Adam Clarke wishes a certain unrelated-to-this-movie shoe-gaze band would release their third album already.
Well, I guess us Canadians can rest easy because they finally produced a follow-up to My Bloody Valentine. Yes, no more sleepless nights about the Cape Breton-shot slasher flick that featured a young Cynthia Dale amongst its cast of disposables.
Hey, wait a minute. None of you gave a rat’s ass about a sequel to or remake of My Bloody Valentine. What was I thinking?
The original film wasn’t that bad, especially when judged by the more forgiving standards of the slasher sub-genre. It had a “holiday” ripe for the horror treatment, an atmospheric finale and a villain who looked really creepy, particularly in the scene where he busts the mining lights one-by-one with his pickaxe. Oh, and the fact that everyone orders a Moosehead at the local watering hole adds an undeniably Canadian charm to the whole affair. So, as a semi-fondly-remembered horror flick, it was bound to be remade some day. Frankly, having experienced the debacle of Rob Zombie’s Halloween remake (the original is too good to be remade in the first place) I’m perfectly content to see filmmakers have a crack at a movie that wasn’t so great the first time around.
And this one’s in 3D!
Honestly, 3D is a tremendously fun gimmick. You could put any film in 3D and I would go. If somebody released Schindler’s List 3D, I would be there on opening day, screaming in terror as that red balloon came flying towards me. It’s a thrill when executed well and the My Bloody Valentine remake does exactly that, for about 30 minutes.
We open with a titanic amount of exposition regarding Harry Warden (Rich Walters), a miner who goes on not one, but two killing sprees—and experiences a lengthy coma in between—all in the first ten minutes of the film. After his second rampage, Warden is presumed dead, but not before traumatizing miner Tom Hanniger (Jensen Ackles). A decade later, Valentine’s Day is approaching and Hanniger has returned to that small American town once more to sell the mine, having inherited it from his father.
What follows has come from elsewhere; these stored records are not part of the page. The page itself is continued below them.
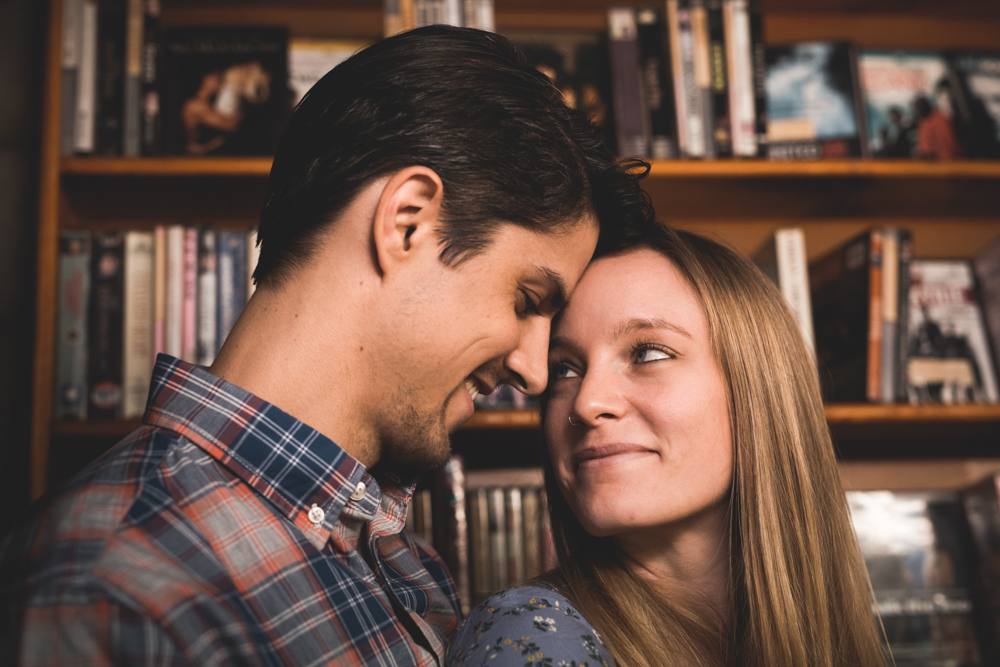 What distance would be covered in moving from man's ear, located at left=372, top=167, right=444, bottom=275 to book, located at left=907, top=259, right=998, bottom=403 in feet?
4.08

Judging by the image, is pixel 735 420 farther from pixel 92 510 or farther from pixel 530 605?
pixel 92 510

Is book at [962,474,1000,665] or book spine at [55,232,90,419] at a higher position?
book spine at [55,232,90,419]

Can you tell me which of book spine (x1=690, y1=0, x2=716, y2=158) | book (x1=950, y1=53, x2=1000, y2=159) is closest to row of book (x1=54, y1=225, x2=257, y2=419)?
book spine (x1=690, y1=0, x2=716, y2=158)

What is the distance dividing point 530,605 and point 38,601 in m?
0.52

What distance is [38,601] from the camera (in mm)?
555

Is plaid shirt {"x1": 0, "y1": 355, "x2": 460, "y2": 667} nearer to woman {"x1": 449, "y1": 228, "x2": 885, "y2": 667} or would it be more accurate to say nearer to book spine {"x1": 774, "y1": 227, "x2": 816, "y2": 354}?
woman {"x1": 449, "y1": 228, "x2": 885, "y2": 667}

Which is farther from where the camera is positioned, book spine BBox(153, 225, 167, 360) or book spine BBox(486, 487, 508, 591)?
book spine BBox(486, 487, 508, 591)

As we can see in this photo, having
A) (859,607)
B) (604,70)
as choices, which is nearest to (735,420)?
(859,607)

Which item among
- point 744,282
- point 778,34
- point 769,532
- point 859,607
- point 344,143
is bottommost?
point 859,607

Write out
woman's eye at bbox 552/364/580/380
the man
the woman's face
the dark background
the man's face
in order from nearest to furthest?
1. the man
2. the man's face
3. the woman's face
4. woman's eye at bbox 552/364/580/380
5. the dark background

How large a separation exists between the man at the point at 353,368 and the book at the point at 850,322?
83 centimetres

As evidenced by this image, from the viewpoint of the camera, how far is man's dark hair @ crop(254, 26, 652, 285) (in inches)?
35.5

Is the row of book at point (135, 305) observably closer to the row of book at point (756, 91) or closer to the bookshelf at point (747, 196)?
the bookshelf at point (747, 196)

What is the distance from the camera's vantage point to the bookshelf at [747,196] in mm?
1450
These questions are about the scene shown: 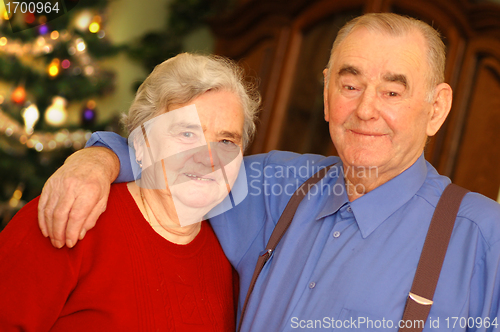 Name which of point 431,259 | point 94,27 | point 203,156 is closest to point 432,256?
point 431,259

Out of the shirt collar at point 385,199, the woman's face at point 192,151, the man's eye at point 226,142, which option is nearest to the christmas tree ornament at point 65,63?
the woman's face at point 192,151

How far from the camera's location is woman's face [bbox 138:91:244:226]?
125 cm

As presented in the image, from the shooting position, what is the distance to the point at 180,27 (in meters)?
3.62

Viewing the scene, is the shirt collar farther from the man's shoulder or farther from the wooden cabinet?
the wooden cabinet

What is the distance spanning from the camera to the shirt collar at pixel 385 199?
1146mm

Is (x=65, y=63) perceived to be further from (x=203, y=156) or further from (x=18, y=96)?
(x=203, y=156)

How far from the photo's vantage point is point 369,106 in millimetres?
1182

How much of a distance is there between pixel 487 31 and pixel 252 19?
1567 mm

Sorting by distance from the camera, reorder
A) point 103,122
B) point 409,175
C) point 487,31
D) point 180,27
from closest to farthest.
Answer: point 409,175, point 487,31, point 103,122, point 180,27

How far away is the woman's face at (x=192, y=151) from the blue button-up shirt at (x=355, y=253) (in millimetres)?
109

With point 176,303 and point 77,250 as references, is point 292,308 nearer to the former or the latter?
point 176,303

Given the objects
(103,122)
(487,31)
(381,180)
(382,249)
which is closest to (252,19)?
(103,122)

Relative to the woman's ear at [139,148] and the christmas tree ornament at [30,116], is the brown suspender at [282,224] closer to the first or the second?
the woman's ear at [139,148]

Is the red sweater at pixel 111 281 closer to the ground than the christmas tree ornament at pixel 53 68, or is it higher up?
closer to the ground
Needless to say, the many miners in this one-horse town aren’t pleased by the news, and suspicion falls on Hanniger when someone in mining gear starts picking off local residents.
Again, despite the myriad contrivances of that setup, My Bloody Valentine 3D is pretty entertaining for a while. The 3D effects work well and the writers try to have fun with this pulpy genre. The film peaks with a splendidly ridiculous set piece involving the killer, a nude woman, a dwarf, her dog, and a trucker, but sadly loses any spark it had after that. It’s a shame really, as there was a lot potential to remake My Bloody Valentine as a sort of Jhonen Vasquez-style black comedy where irritatingly doe-eyed couples are gruesomely dispatched for 80 minutes. That would be ideal for single horror fans, because nothing says “I love you” like a 3D pickaxe in the face. As it stands, My Bloody Valentine 3D doesn’t have much to do with Valentine’s Day, or even the town mine, which you’d think would be pretty crucial to a killer dressed like a miner.
Further hindering the film are the performances. More than any other genre, slashers have seldom been home to great acting. Nonetheless, the leads in this film take the genre to an all-time low with Supernatural’s Ackles being a particular sore point, spitting out each line like the Teutonic charisma void he is. Not even the presence of semi-retired genre veteran Tom Atkins (Night of the Creeps) or character actor Kevin Tighe can redeem them or the film’s crippling lack of suspense. The mystery of this movie falls down to whether the killer is Ackles or the town sheriff, and when you write a mystery, you really have to do better than “is it him… or that other guy?” for a whole hour.
If you’re looking for an above-average entry in a slasher franchise (even a would-be franchise like this one), both Halloween 4 and Psycho II are easily found on DVD these days, and are far better than they have any right to be. My Bloody Valentine 3D, on the other hand, is only a little better than Jaws 3D, although it’s not creative enough to entertain outside of its 3D gimmickry. See the film in theatres with the glasses if you want to see it at all. Otherwise, you’re not missing much.